Kontrolowani przedsiębiorcy ze zdziwieniem dowiadują się, że kontroler ZUS bardzo dobrze wie, w ilu innych podmiotach gospodarczych był zatrudniany w ostatnich latach dany zleceniobiorca, a także która z tych firm miała obowiązek zapłaty składek na ubezpieczenia społeczne od jego wynagrodzenia.
Na tej podstawie ZUS może łatwo sprawdzić, jak przedsiębiorcy wywiązują się z obowiązku opłacania składek ze zleceń. Od początku 2016 r. ten obowiązek może dotyczyć nawet kilku firm, które podpisały zlecenie z jedną osobą. Muszą one opłacać składki, dopóki skumulowane wynagrodzenia z kilku umów nie przekroczą kwoty co najmniej minimalnej pensji.

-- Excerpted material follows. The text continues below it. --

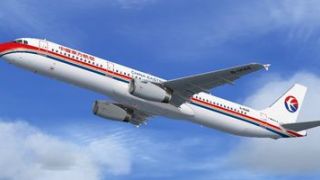 Screenshot 6 — China Eastern Airbus A321-231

Kontrolerzy ZUS najbardziej skupieni są na tym, jak przedsiębiorcy wywiązywali się z obowiązku opłacania składek za taką osobę przed zmianą przepisów w 2016 r. Wtedy składki od pierwszej umowy na 50 zł pozwalały nie płacić ich od kolejnych kontraktów zawartych z tą samą osobą.
60 proc. skuteczności
Zakład Ubezpieczeń Społecznych tłumaczy celowane kontrole zmianami w przepisach na początku zeszłego roku. Od 1 stycznia 2017 r. w ustawie o swobodzie działalności gospodarczej został wprowadzony obowiązek planowania kontroli po uprzednim przeprowadzeniu analizy ryzyka naruszenia prawa.